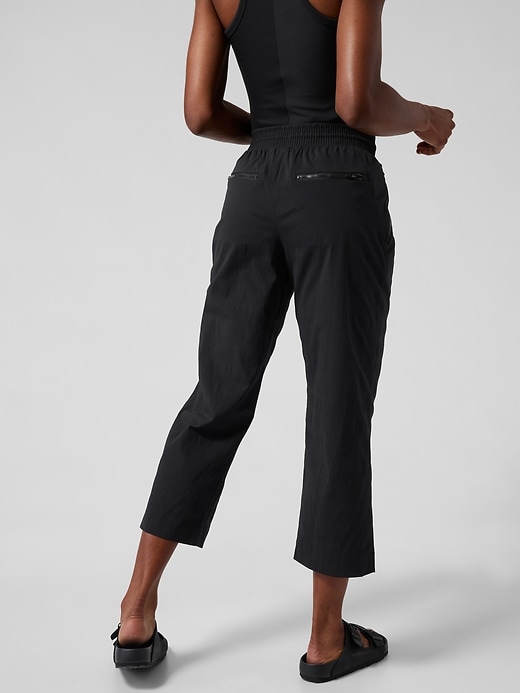 Trekkie Straight Crop Pant | Athleta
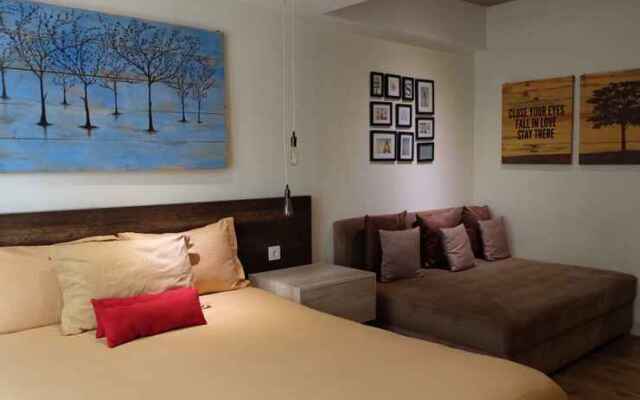 Lavenderbnb Room 3 at Mataram City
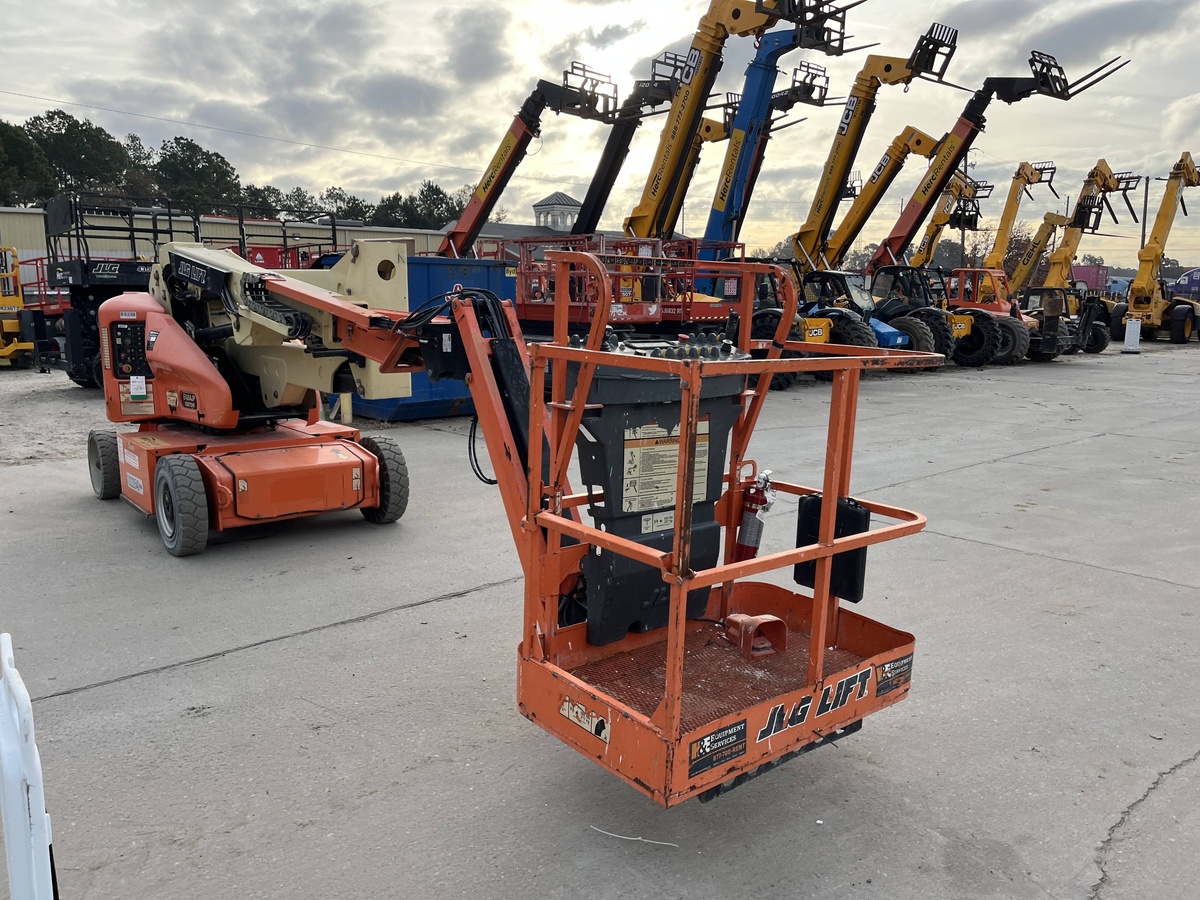 2017 JLG E400AJPN-3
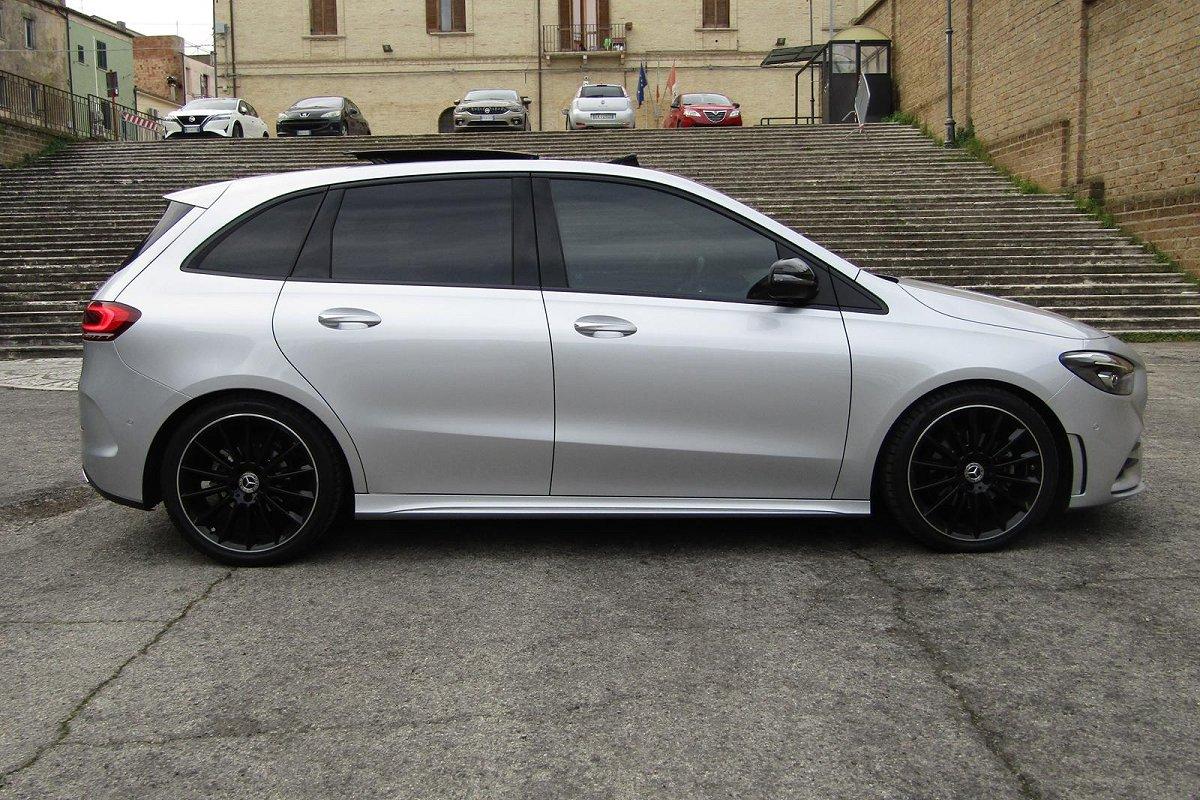 MERCEDES B 200 d Automatic Premium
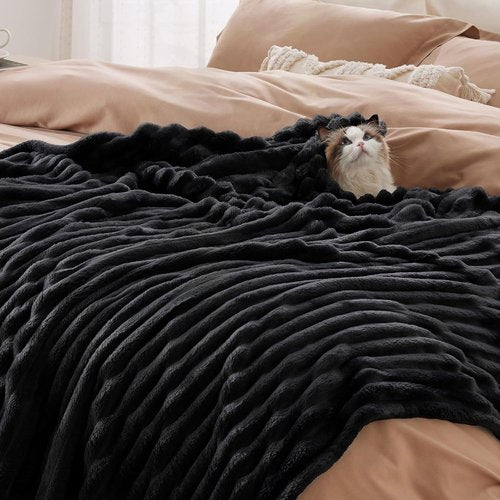 Bedsure GentleSoft Fleece Blanket - Cozy Black Throw for Couch, Perfect 50x70 Inches Size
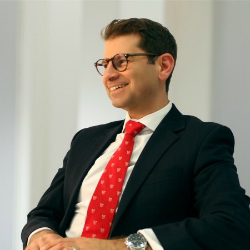 https://www.linkedin.com/in/gverdian/ Gilbert Verdian, CEO, Quant Networ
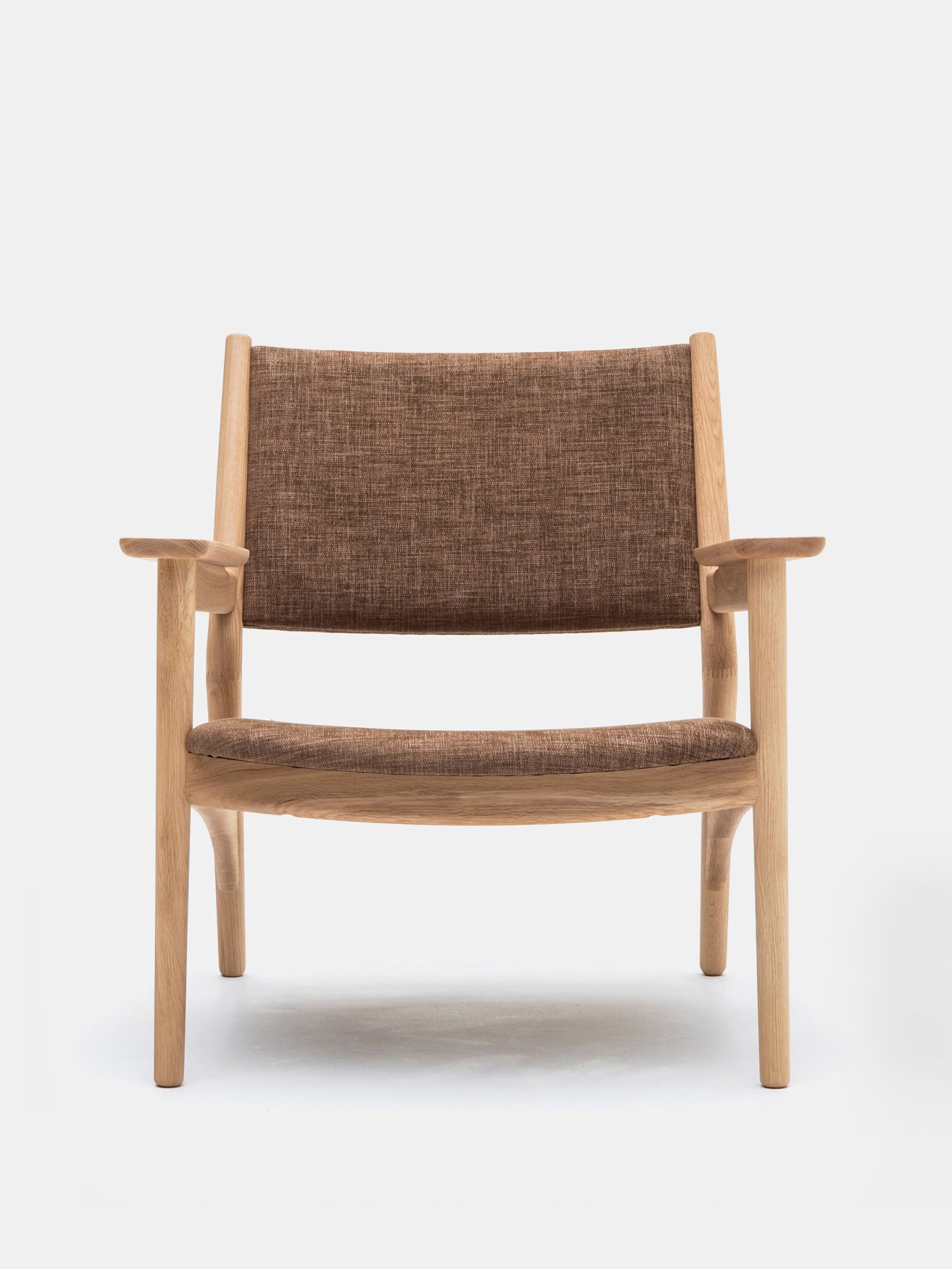 35550 413eb81a1c N Lc01 Armchair Front Brown Portrait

_What needs to be done_. Your copy should consist solely of the lines from the line containing "CEO, Quant Networ" through the last line of the records above, reproduced exactly, with the pictures left out.

_Answer box_.
 https://www.linkedin.com/in/gverdian/ Gilbert Verdian, CEO, Quant Networ
 35550 413eb81a1c N Lc01 Armchair Front Brown Portrait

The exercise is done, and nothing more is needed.